In the given figure:

!!DeltaABC!! is an isosceles traingle and !!o!! is the center of the circle.

Now through the property of the circle !!angleBOC = 2angleA!!

We can see that since !!OB = OC = 1!!, hence !!DeltaBOC!! is also an isosceles triangle. This will give !!angleOBC = 90 - angleA!!

In !!DeltaABC!!, !!angleB = angleC = 90 - angle(A/2)!!

So !!angleOBA = angleB - angleOBC!!

!!=>angleOBA = 90 - angle(A/2) - (90 - angleA) = angle(A/2)!!........(i)

Also in !!DeltaAPQ!!, !!angleAPQ = 90 - angle(A/2)!!

Using straight line concept !!APB!!, we get !!angleOPB = 180 - angleAPQ = 180 - 90 + angle(A/2) = 90 + angle(A/2)!!.....(ii)
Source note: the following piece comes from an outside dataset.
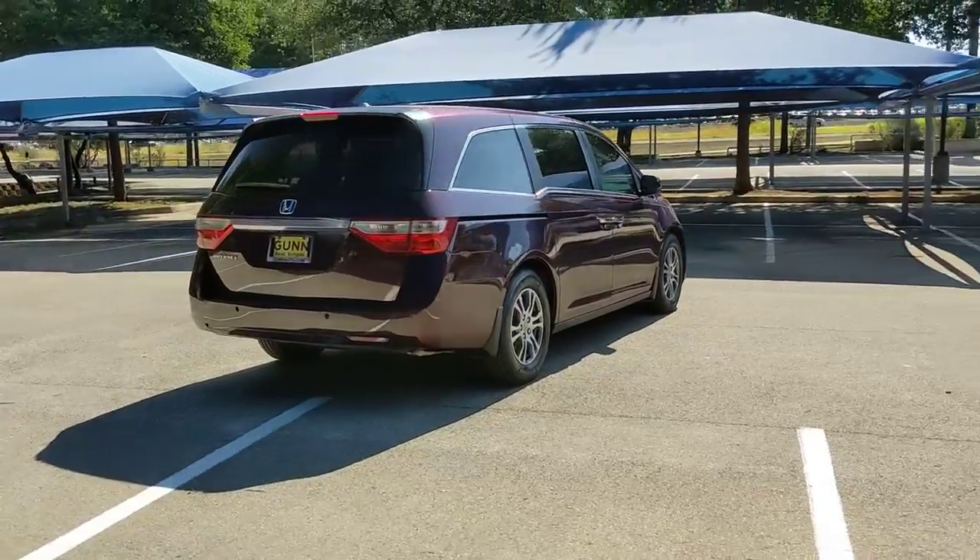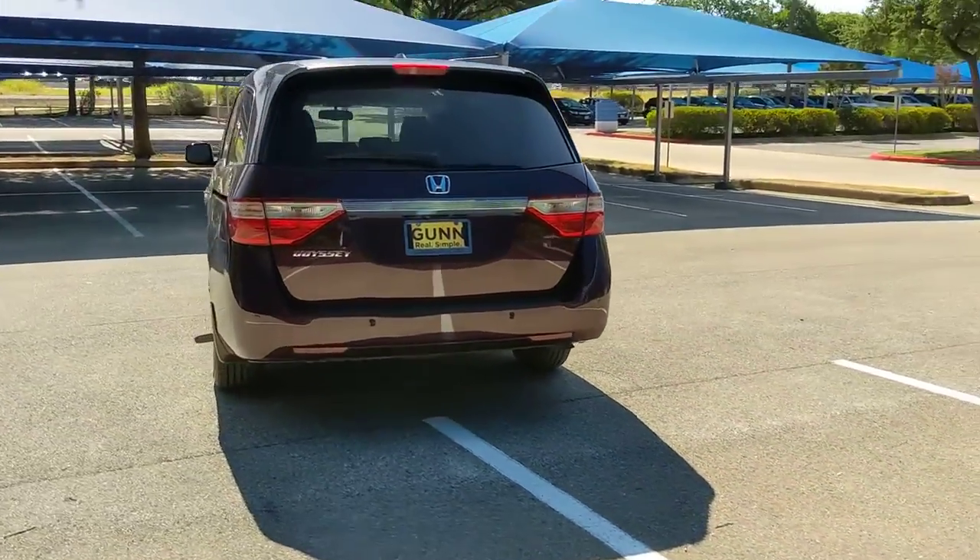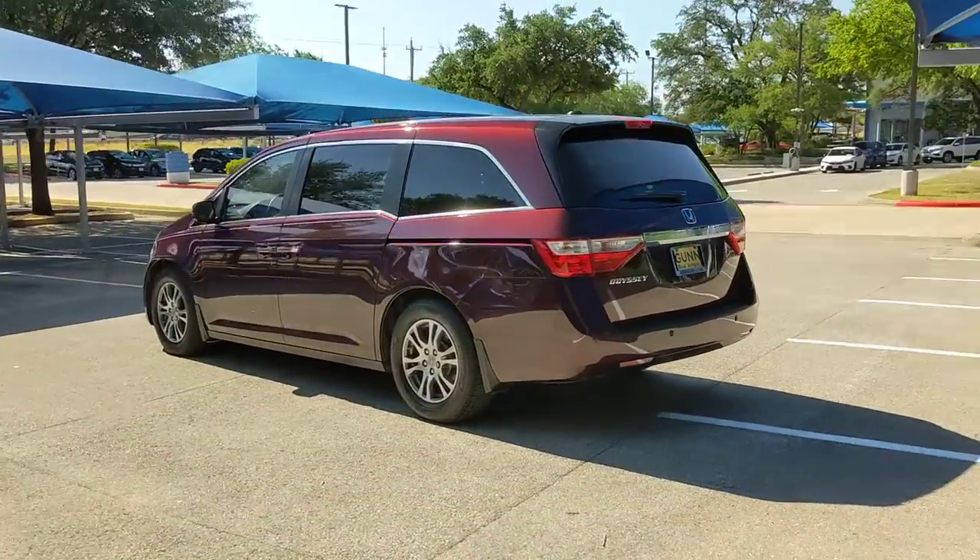Its thoughtful design, advanced smart technology, interior spaciousness and luxury, strong acceleration, and nimble handling make it the ideal family vehicle.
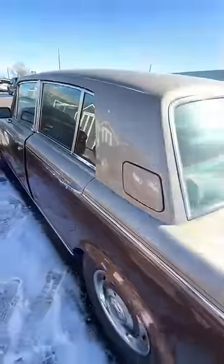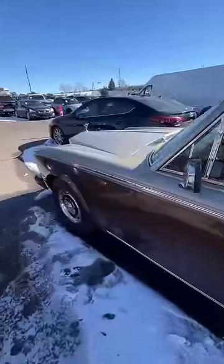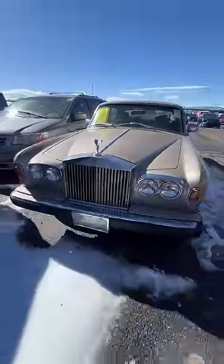And of course, the brown two-tone paint. Now, why is this car so cheap? It has a 6.75 liter V8 that Rolls Royce described as adequate. Well, it's because these cars are incredibly expensive to maintain.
In !!DeltaBOC!!, Using triangle property

!!(BC)/(Sin2A) = (OC)/(SinOBC)!!

!!=> 1/Sin2A = 1/Sin(90 - angleA)!!

!!=> SinA = 1/2!!

!!=> A = 30!!

Using this in (i) and (ii), we get

!!angleOPB = 90 + 15!! and !!angleOBA = angle(A/2) = 15!!

Now Using triangle property in !!DeltaOPB!!, we have

!!(OP)/(SinOBA) = (OB)/(SinOPB)!!

!!=> (OP)/Sin15 = 1/cos15!!

!!=> OP = tan15!!

Hence, !!PQ = 2OP = 2tan15 = 2tan(45-30) = 2(2-sqrt3)!!